Kandilli Rasathanesi öğretim üyesi Prof. Nurcan Meral Özel, 1506 depreminde 6 metre yüksekliğindeki dalgaların Yenikapı'ya ulaştığını ve 1894'te de dalgaların surları harap ettiğinin bilindiğini söyleyerek, "Hazırlıklı olmamız gerekiyor" dedi.
DHA'dan Enver Alas'ın haberine göre, Türk ve Japon bilimadamlarının işbirliği ile geçen yıl başlatılan 'Marmara Bölgesi'nde Deprem ve Tsunami Zararlarının Azaltılması ve Türkiye'de Eğitim Projesi' (MARDİM) kapsamında yapılan çalışmalar hakkında bugün basın toplantısı düzenlendi.
Kandilli Rasathanesi'nde yapılan toplantıya katılan, aynı zamanda MARDİM Projesi'nin koordinatörlüğünü de yürüten Japon Prof. Yoshiyuki Kaneda ve Boğaziçi Üniversitesi Kandilli Rasathanesi ve Deprem Araştırma Enstitüsü Öğretim Üyesi Prof. Nurcan Meral Özel, proje kapsamında yapılan çalışmalar hakkında bilgi verdi.
Prof. Nurcan Meral Özel, proje ile amaçlarının, Marmara'da beklenen deprem için deniz ve kara gözlemlerini yaparak, Kuzey Anadolu Fay Hattı'nın Marmara Denizi içindeki hareketliliğinin gözlemlenmesi olduğunu söyledi.
Konuşmasında, ülkesinde 2011 yılında yaşanan tsunami felaketine de değinen Prof. Kaneda, Marmara Denizi içinde meydana gelebilecek bir depremin tsunami yaratma potansiyeli olduğunu vurguladı.
'Tsunami sadece okyanuslarda olmuyor'
Toplantının sonunda, Prof. Yoshiyuki Kaneda ve Prof. Dr. Nurcan Meral Özel basın mensuplarını sorularını yanıtladı.

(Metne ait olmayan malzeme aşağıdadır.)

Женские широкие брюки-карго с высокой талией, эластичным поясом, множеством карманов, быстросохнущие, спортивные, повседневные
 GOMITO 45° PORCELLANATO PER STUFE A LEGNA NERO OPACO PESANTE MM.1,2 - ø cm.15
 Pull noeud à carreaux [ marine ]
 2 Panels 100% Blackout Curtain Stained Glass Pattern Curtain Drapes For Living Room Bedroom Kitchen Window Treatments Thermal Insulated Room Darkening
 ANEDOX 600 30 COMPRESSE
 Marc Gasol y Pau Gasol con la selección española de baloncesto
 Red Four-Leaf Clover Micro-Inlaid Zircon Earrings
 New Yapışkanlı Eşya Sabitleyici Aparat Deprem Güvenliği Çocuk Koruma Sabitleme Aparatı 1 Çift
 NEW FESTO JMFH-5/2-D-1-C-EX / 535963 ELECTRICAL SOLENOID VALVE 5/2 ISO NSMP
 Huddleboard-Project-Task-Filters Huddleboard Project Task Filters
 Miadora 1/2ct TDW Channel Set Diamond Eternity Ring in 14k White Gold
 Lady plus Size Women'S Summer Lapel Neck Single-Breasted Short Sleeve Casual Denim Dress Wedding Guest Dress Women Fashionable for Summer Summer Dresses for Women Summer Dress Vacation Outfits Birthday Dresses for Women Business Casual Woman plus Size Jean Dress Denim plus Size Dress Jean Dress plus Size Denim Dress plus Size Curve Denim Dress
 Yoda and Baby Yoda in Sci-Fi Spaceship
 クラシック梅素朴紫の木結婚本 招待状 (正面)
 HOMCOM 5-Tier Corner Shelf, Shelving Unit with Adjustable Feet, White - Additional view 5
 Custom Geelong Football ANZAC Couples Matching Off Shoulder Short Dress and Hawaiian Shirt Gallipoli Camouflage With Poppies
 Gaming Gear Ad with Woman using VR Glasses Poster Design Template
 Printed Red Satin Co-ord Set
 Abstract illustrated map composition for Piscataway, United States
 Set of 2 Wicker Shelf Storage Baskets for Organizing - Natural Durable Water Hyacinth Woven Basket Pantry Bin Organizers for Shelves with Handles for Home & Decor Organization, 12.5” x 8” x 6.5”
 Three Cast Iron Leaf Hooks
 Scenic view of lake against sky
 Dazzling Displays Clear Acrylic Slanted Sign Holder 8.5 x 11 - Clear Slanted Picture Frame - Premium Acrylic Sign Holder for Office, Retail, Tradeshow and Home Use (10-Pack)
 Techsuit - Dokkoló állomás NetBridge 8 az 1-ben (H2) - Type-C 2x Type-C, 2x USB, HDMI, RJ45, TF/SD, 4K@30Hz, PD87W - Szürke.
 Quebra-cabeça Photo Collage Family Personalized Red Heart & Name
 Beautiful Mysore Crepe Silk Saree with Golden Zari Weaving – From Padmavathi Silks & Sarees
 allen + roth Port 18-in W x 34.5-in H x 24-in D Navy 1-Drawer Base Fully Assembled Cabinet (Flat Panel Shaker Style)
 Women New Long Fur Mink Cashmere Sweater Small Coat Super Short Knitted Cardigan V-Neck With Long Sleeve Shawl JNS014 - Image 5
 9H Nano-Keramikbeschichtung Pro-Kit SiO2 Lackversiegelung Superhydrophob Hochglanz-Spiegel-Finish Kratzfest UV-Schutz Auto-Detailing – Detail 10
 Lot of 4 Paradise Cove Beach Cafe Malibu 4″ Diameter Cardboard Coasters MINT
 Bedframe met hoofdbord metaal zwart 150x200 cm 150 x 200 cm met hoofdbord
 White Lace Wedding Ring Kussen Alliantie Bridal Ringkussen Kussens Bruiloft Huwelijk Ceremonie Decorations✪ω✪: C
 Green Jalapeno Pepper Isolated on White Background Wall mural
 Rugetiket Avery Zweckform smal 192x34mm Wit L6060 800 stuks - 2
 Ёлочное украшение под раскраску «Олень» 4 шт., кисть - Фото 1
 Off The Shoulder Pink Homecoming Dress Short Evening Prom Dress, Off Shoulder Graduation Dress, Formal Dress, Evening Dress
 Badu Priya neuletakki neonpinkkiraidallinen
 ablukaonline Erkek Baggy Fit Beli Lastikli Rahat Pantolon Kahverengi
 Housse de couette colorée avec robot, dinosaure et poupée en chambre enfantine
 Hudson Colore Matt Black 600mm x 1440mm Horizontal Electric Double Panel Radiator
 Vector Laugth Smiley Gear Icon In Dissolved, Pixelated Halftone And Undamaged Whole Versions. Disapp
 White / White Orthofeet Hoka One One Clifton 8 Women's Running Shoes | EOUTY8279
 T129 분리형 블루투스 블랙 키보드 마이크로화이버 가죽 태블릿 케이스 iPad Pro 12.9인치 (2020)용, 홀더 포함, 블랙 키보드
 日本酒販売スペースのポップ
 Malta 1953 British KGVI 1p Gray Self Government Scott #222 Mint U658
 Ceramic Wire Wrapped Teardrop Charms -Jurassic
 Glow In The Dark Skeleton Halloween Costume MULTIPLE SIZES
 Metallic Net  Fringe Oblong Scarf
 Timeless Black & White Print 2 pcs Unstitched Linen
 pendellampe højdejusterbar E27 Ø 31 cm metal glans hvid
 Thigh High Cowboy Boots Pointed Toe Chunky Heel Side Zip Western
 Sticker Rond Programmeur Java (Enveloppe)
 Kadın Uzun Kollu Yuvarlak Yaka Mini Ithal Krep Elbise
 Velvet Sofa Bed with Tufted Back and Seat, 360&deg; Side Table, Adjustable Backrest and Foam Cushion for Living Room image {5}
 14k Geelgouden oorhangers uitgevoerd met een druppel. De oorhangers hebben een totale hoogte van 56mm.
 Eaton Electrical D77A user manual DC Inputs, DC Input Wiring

Bir gazetecinin, "Tsunaminin oluşabilmesi için büyük dalgalar gerekiyor. Marmara için böyle bir şey mümkün mü? Marmara Denizi göz önüne alındığında, oluşabilecek dalgaların boyu ne kadar olur?" şeklindeki sorusuna, Prof. Dr. Nurcan Meral Özel şu yanıtı verdi:
"Tsunami sadece okyanuslarda olmuyor. Deprem eğer denizin içindeyse, hemen hemen bütün deniz seviyelerinde yükselme oluyor. Marmara Denizi'nde meydana gelebilecek tsunamilerin sebebi, toprak kaymaları sonucunda deniz suyunun yükselmesiyle olur. Tarihsel deprem kayıtlarına göre, 1506 yılında meydana gelen depremde deniz seviyesinden 6 metre yüksekliğindeki dalgaların Yenikapı'ya kadar ulaştığı konusunda tarihsel belgeler var.
Yine 1894 depreminde de, Marmara'da denizin yükseldiğini ve özellikle dalgaların surları harap ettiği konusunda tarihsel bilgilerimiz mevcut. Kocaeli depremi sırasında da, Gölcük'te deniz seviyesinde bir yükselme olduğunu biliyoruz. Yani bu tehlike Türkiye'yi çevreleyen denizlerde yok değildir. Pasifik ülkelerindeki tehlike kadar olmasa da, bizde de az bile olsa bir tehlike var. Bizim de buna hazırlıklı olmamız gerekiyor."